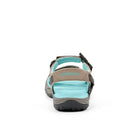 106900-25-defenderr-4_51ede8ad-8ba8-4960-a02d-3b0f0a065f75-Defenderr-Women's Sandals-RL-Yellow Shoes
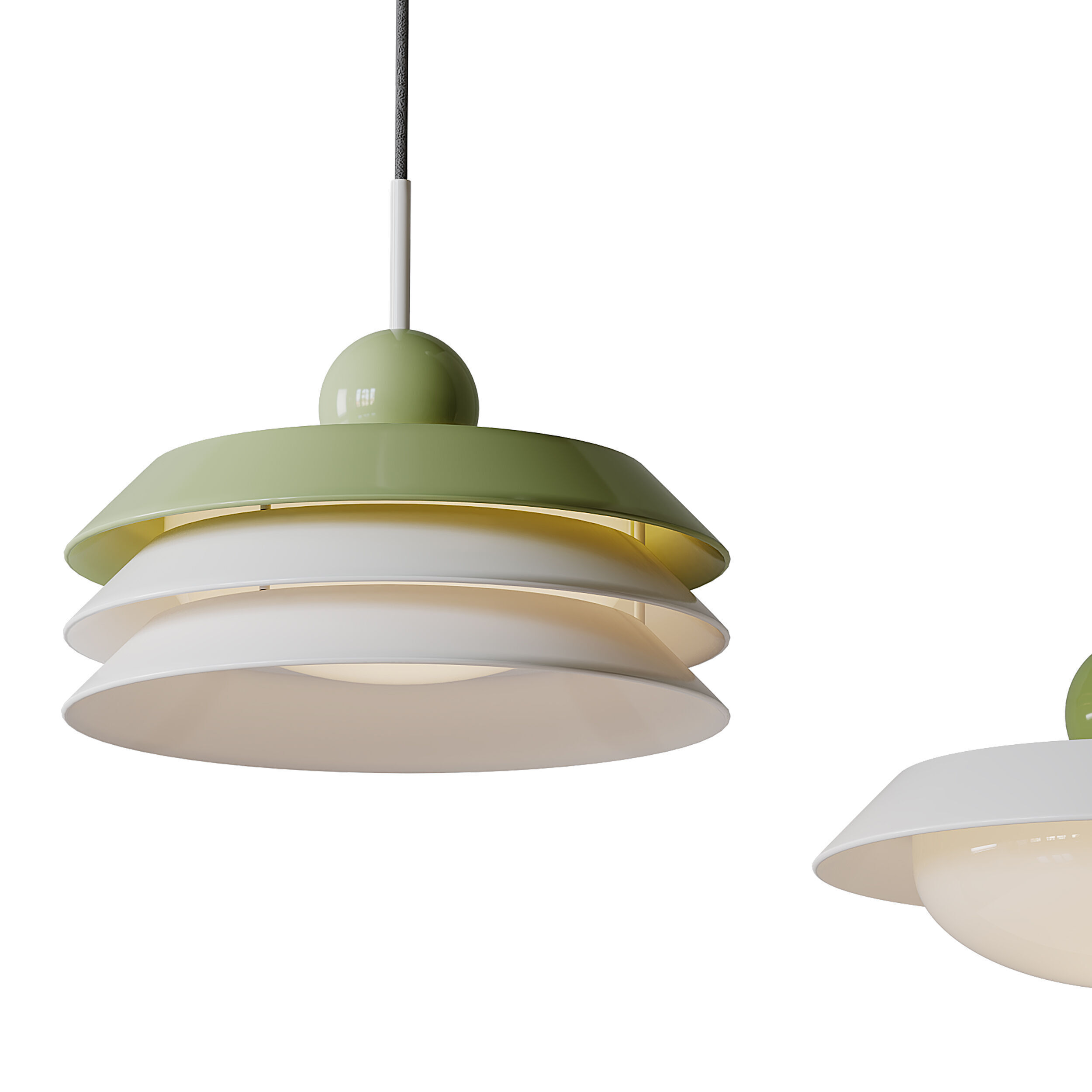 DENVER B 3D model_10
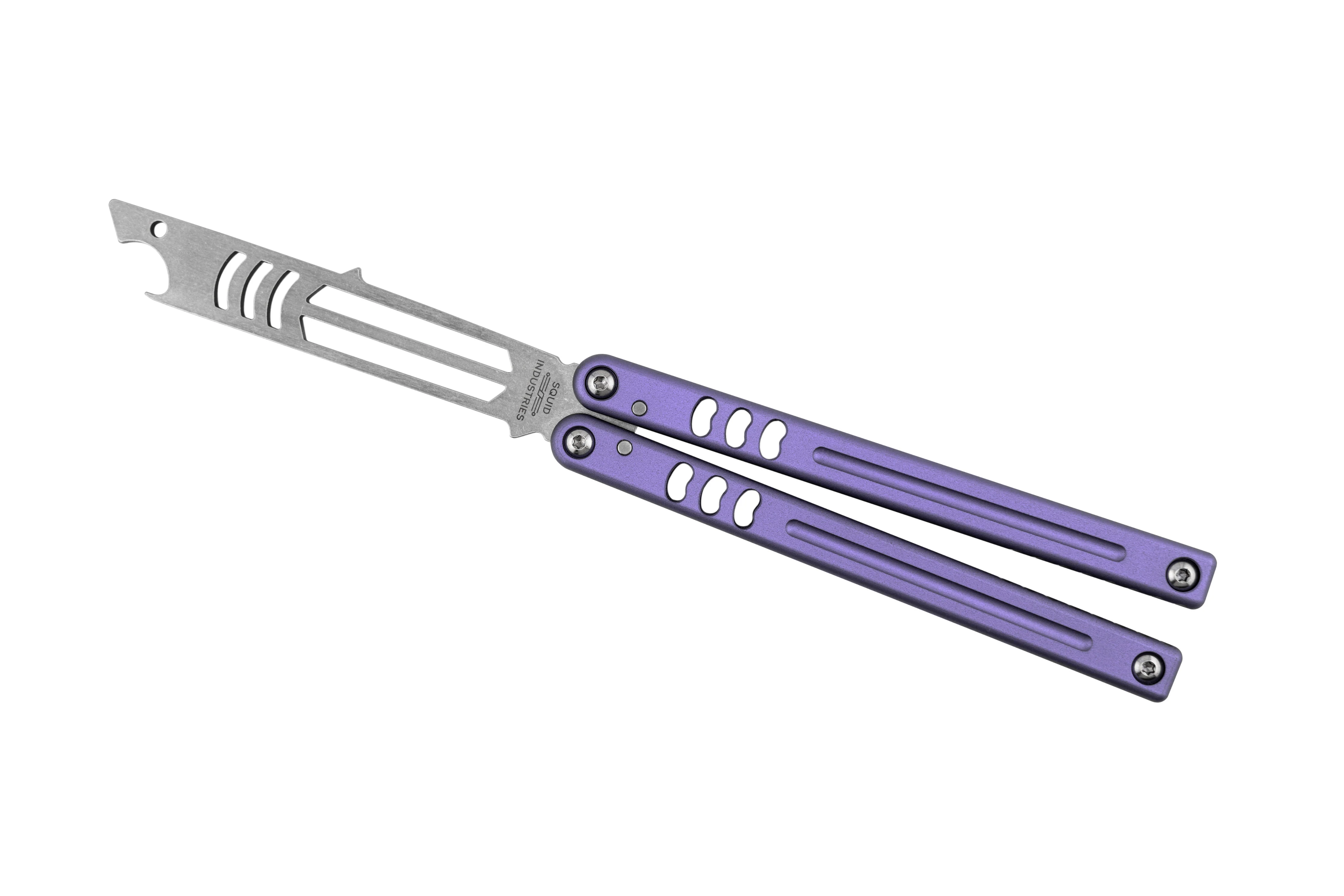 Blemished Mako Bottle Opener - Image 12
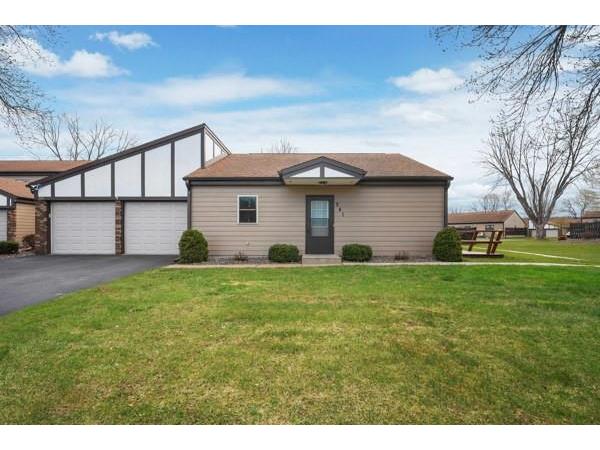 241 Pumphouse Road Chippewa Falls WI 54729 1581348 image1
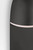 manufacturer_finish:Midnight Black | Midnight Black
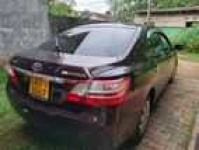 image of vehicle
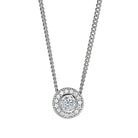 This is Us: Our Life Our Story - Birthstone Necklace_6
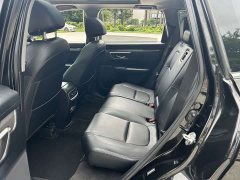 Honda CR-V 2021 240TURBO CVT FWD Elite - ფოტო 6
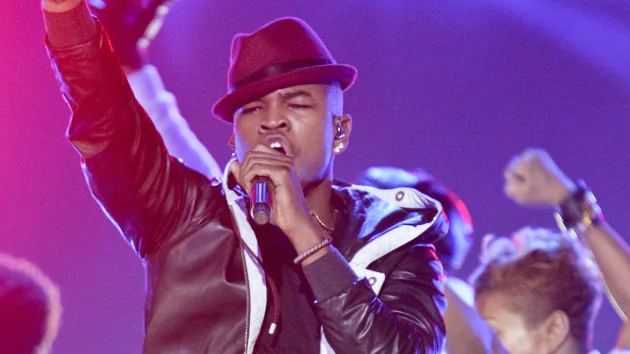m_ne-yo_082014-3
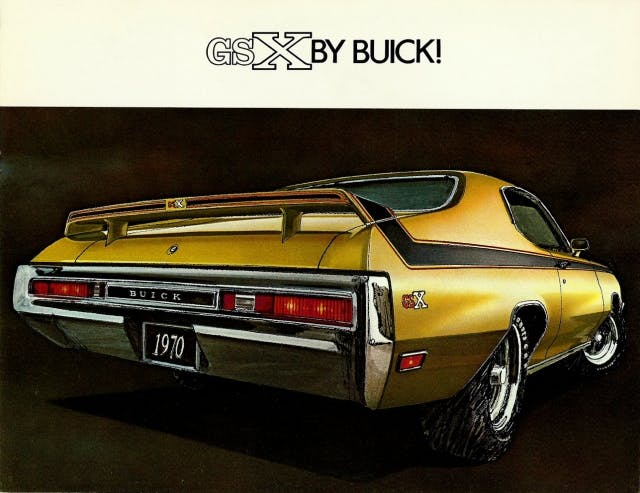 buick_brochure_2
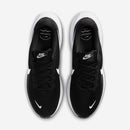 Tênis Nike Revolution 8 Preto/Branco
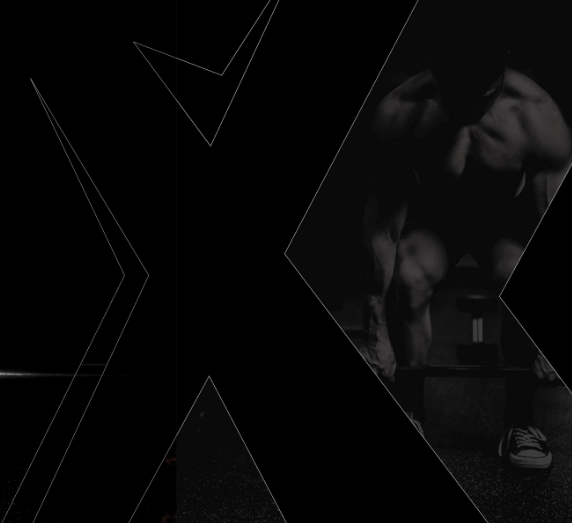 XWORKS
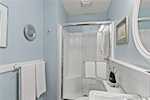 708 E Main St Madison IN 47250 | MLS 2025010435 Photo 38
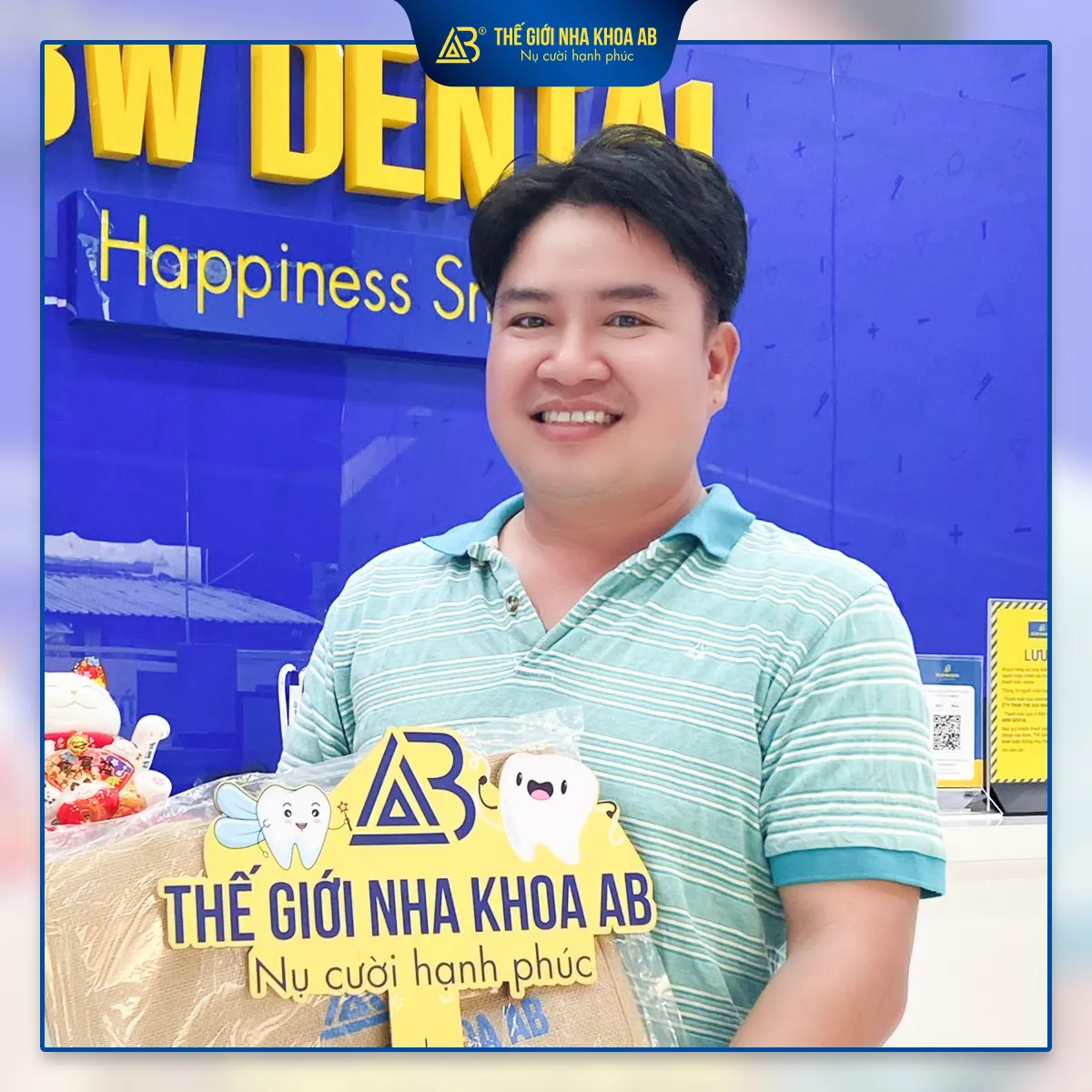 dich-vu-boc-rang-su-6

__Task description__:
Give the listing again in full, exactly as it is, but without its images.

__Final answer__:
 106900-25-defenderr-4_51ede8ad-8ba8-4960-a02d-3b0f0a065f75-Defenderr-Women's Sandals-RL-Yellow Shoes
 DENVER B 3D model_10
 Blemished Mako Bottle Opener - Image 12
 241 Pumphouse Road Chippewa Falls WI 54729 1581348 image1
 manufacturer_finish:Midnight Black | Midnight Black
 image of vehicle
 This is Us: Our Life Our Story - Birthstone Necklace_6
 Honda CR-V 2021 240TURBO CVT FWD Elite - ფოტო 6
m_ne-yo_082014-3
 buick_brochure_2
 Tênis Nike Revolution 8 Preto/Branco
 XWORKS
 708 E Main St Madison IN 47250 | MLS 2025010435 Photo 38
 dich-vu-boc-rang-su-6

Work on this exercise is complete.